А после — вам сказать о том? —
Глушили водку ледяную
И выковыривал ножом
Из под ногтей я кровь чужую.
А Светлов в стихотворении "Итальянец" и в поэме "Лиза Чайкина"? Или не прав был Пастернак в стихотворении "Смерть сапёра", как и в других стихах о войне?
Жить и сгорать у всех в обычае.
Но жизнь тогда лишь обессмертишь,
Когда ей к свету и величию
Своею жертвой путь прочертишь.
Или он же в стихах о Ленинграде?
Как он велик!
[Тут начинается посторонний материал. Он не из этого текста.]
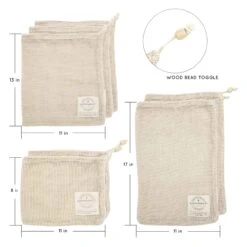 SandStone And Sage Organic Cotton Produce Bags – 7-Piece Set -Food Sale Stores sandstone and sage organic cotton produce bags 7 piece set sandstone and sage 28315333263417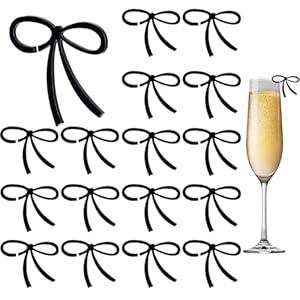 AHANDMAKER 30Pcs Black Bows Drink Markers Acrylic Bowknot Wine Glass Markers Coquette Wine Glass Tags Charms for Bachelorette Birthday Wedding Coquette Tasting Party Decor Accessory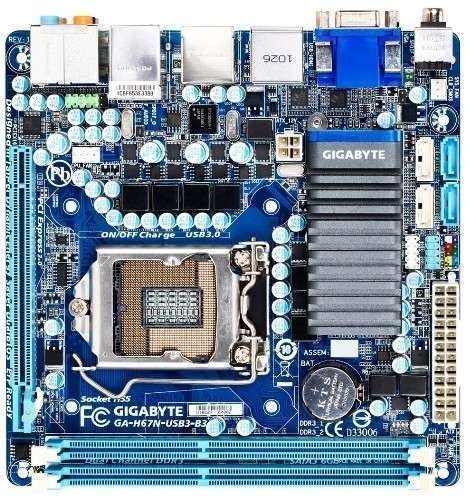 H67N-USB3-B3 VGA mini-ITX170x170 H67, 2xDDR3 1333MHz,1xGBE LAN, 2xSATA3, RAID, fotó, illusztráció : GAH67NUSB3B3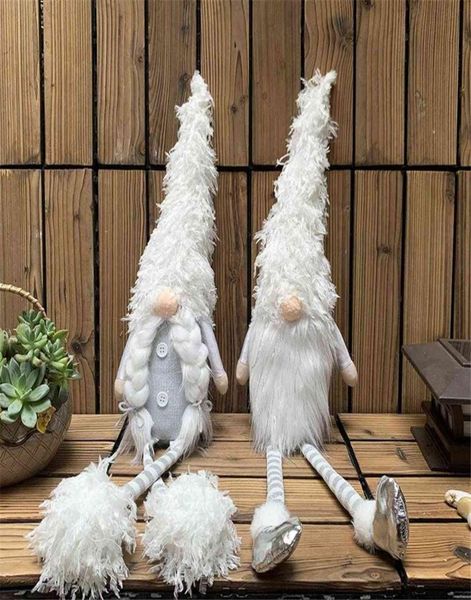 Gambe lunghe di Natale Nordic Old Man Santa Gnome Bambola peluche gnomi bianchi Tomte Ornaments Decorazione natalizia G09114898945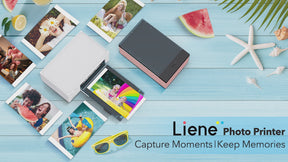Liene Amber 4x6 Instant Photo Printer White (20 Photo Papers + 1 Cartridge)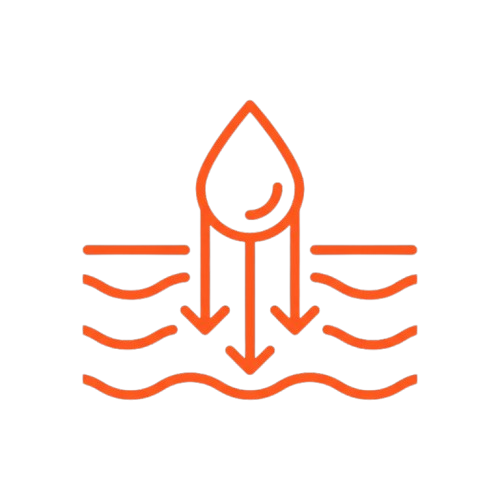An orange line icon of a droplet with a circular arrow inside, over a wavy line.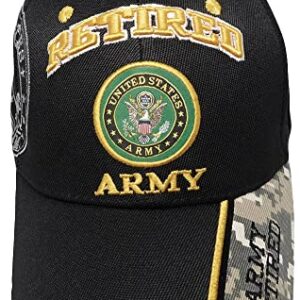 Retired Army Black w/ Seal Embroidered Baseball Cap Hat USA US Military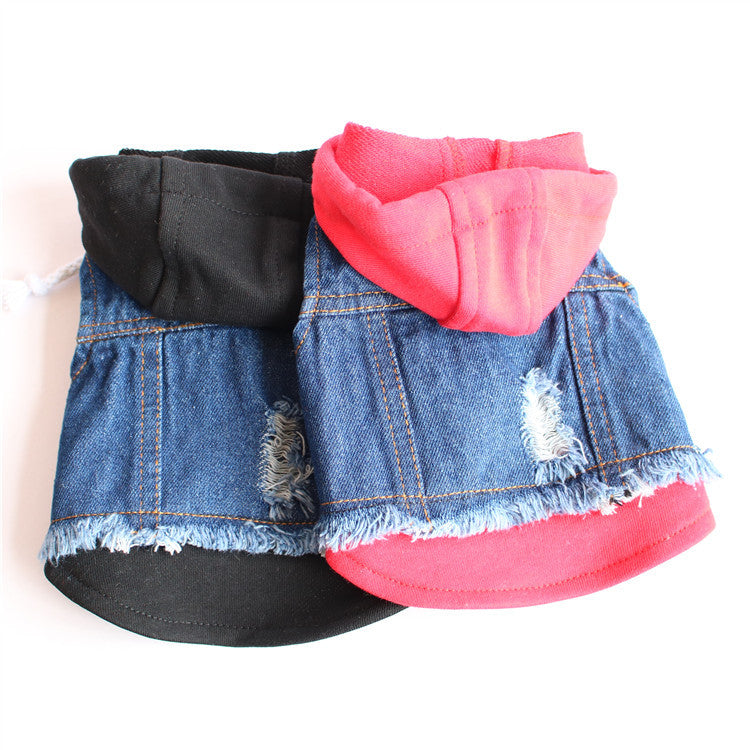 Pet clothes are better than teddy bears, teddy dogs, spring and summer outfits, ripped denim vests, and small vests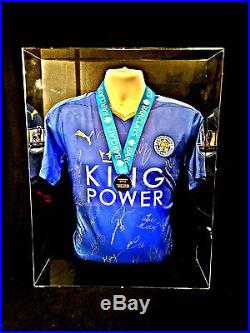 Leicester City Squad Signed Premier League Champions Shirt & Medal Display Coa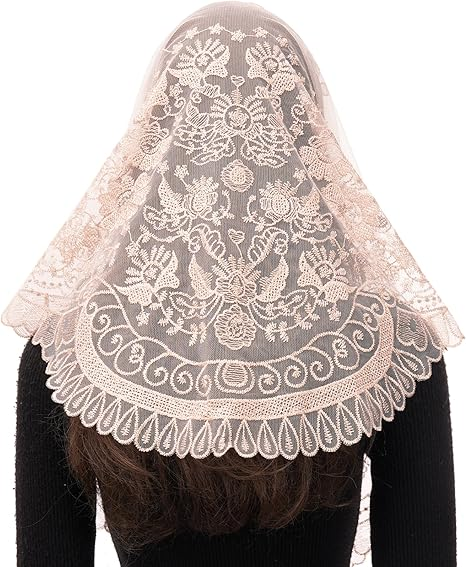 Bozidol Catholic Church Mantilla Veils, Women's Camellia Floral Chapel Veil, Latin Mass Prayer Lace Head Coverings with Clips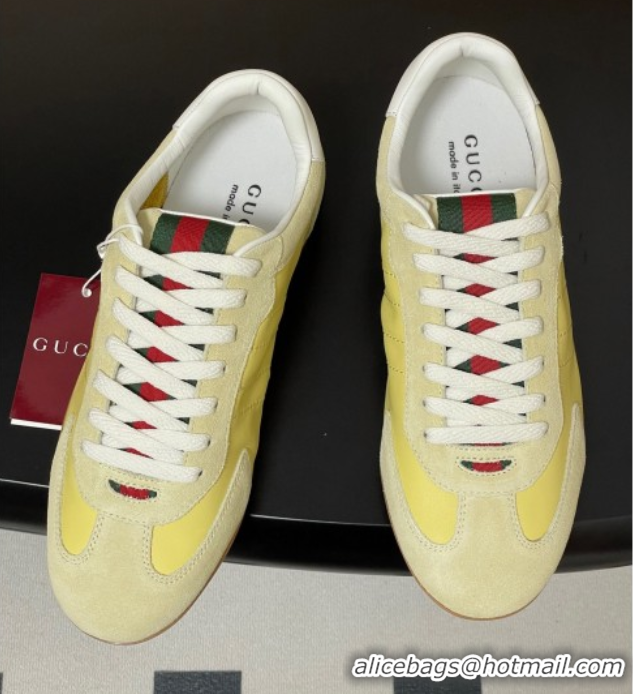 Durable Gucci Suede and Leather Sneakers Yellow 1021010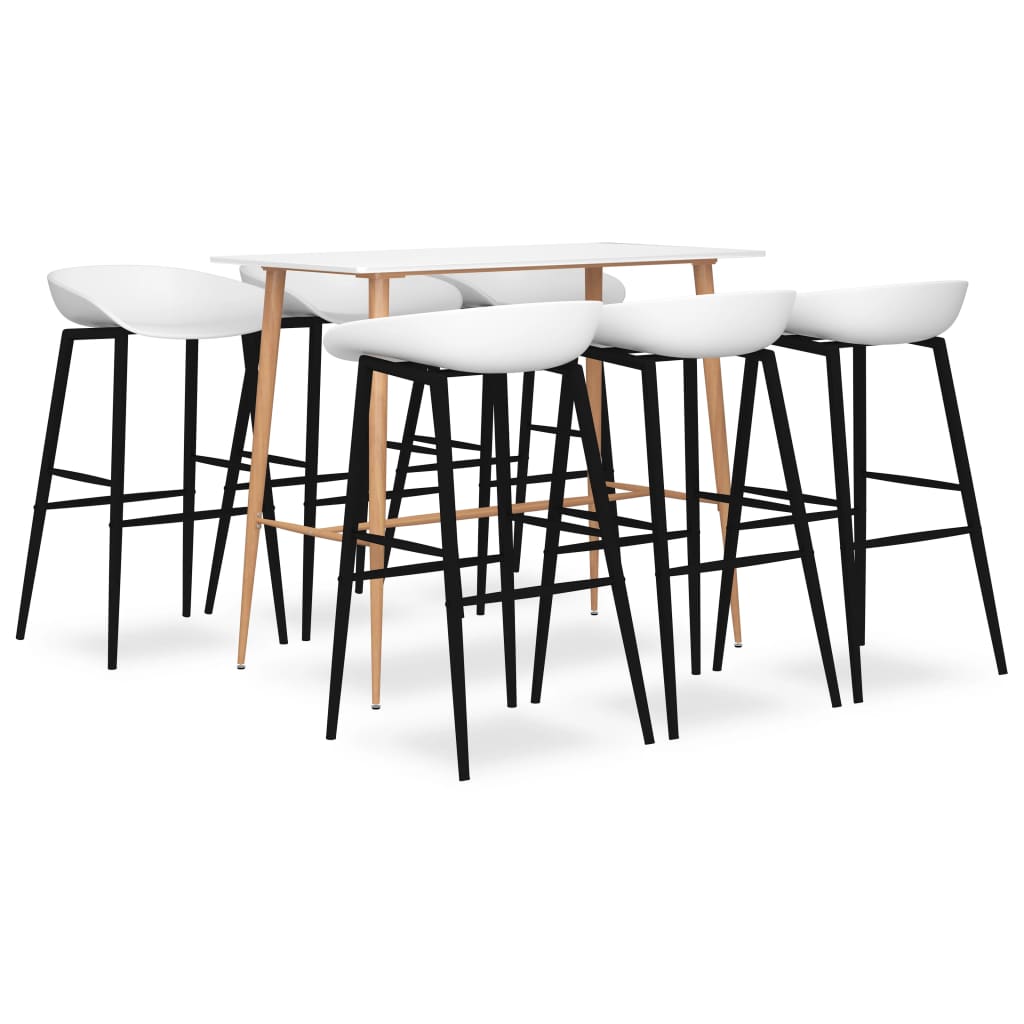 7 Pcs conjunto de bar branco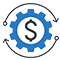 Icon of dollar sign inside a rotating gear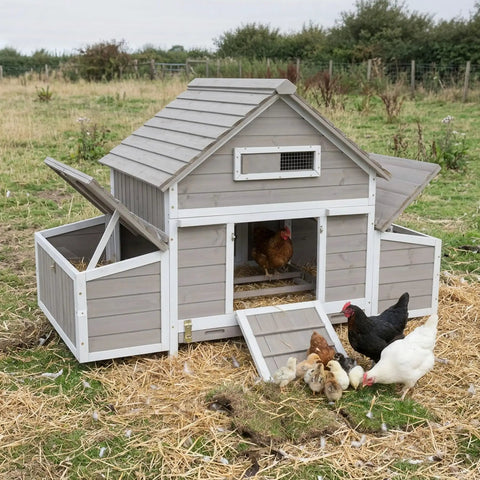 Cozy Predator Proof Chicken Coop For 2 To 4 Chickens With 2 Nesting Boxes Easy Clean Removable Tray Wooden Hen House in backyard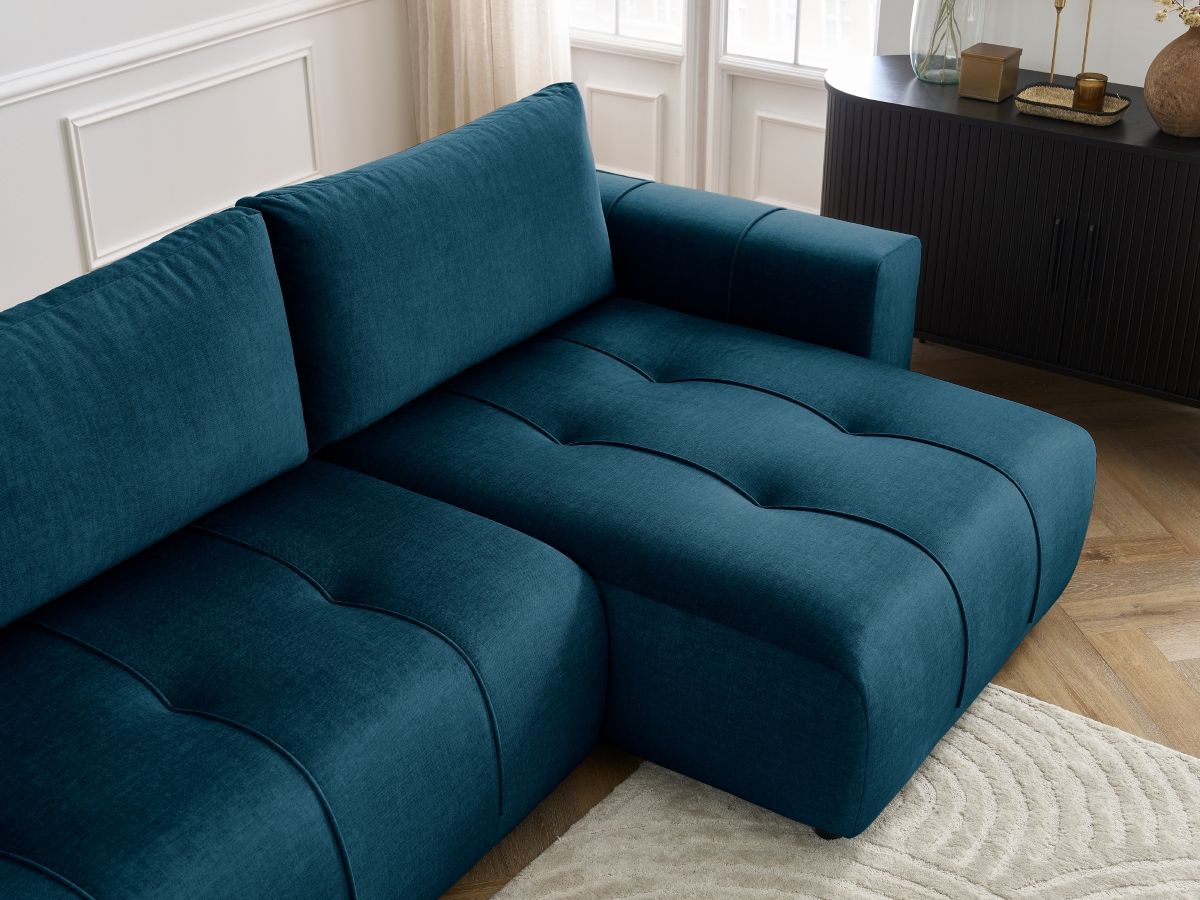 Bobochic Arsene Ecksofa mit Schlaffunktion und Bettkasten 288 × 148 cm Samt Blau
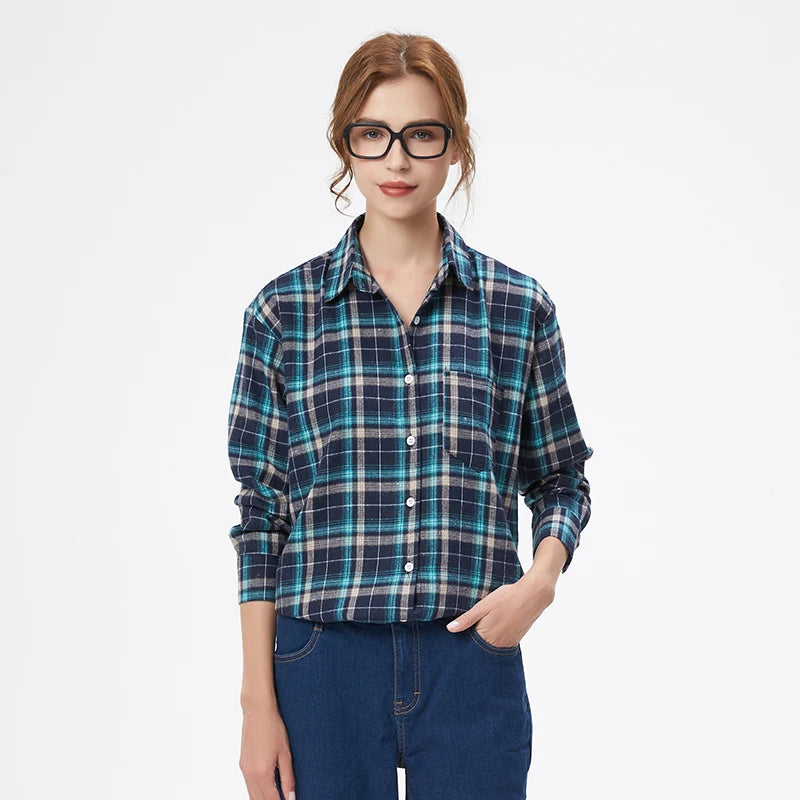 Women's plaid flannel shirt, loose fit, spring casual style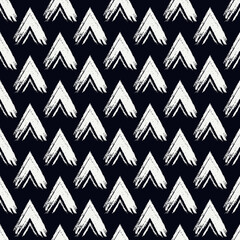 Paint brush stroke arrows seamless pattern. Hand drawn direction sign print. Freehand pointer symbols. Grunge texture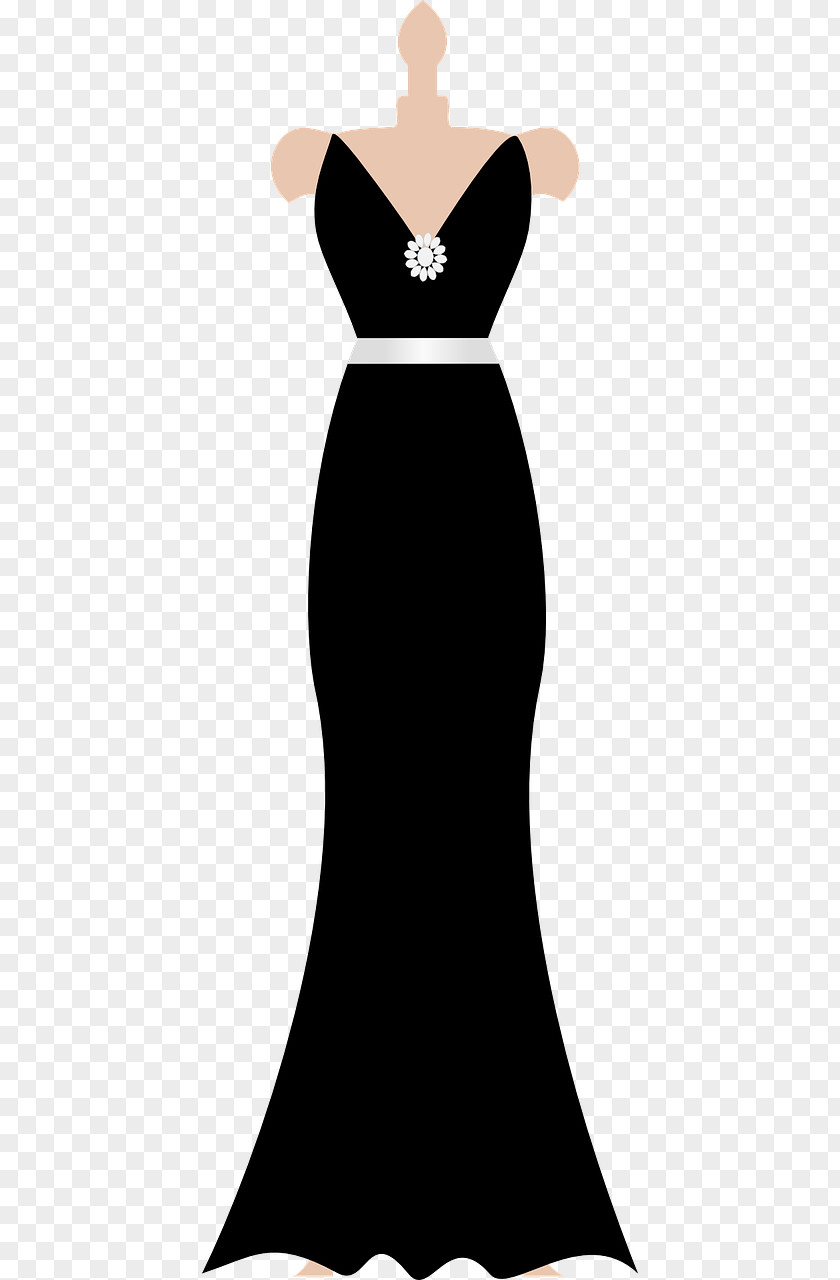 Black Dress Prom Formal Wear Gown Clip Art PNG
Какой бессмертный жребий!
Как входит в цепь легенд его звено!
Всё, что возможно на земле и в небе
Им вынесено и совершено.
А Василий Гроссман в романе "Народ бессмертен"? Или притворялась Ольга Берггольц в стихах, написанных в блокадном Ленинграде:
Мы предощущали полыханье
Этого трагического дня.
Он пришёл. Вот жизнь моя, дыханье.
Родина! Возьми их у меня...
Или она выдумала это?
Сто двадцать пять блокадных грамм
С огнём и кровью пополам.
Или лгала Алигер в поэме "Зоя", Бек в "Волоколамском шоссе", Муса Джалиль в "Маобитской тетради", Ванда Василевская в "Радуге" и в "Непокорённых"? Да не лицемерил ли Антокольский в поэме "Сын", лауреат Турков?
Прощай...Поезда не приходят оттуда.
Прощай...Самолёты туда не летают.
Прощай... Никакого не сбудется чуда,
А сны только снятся нам, снятся и тают.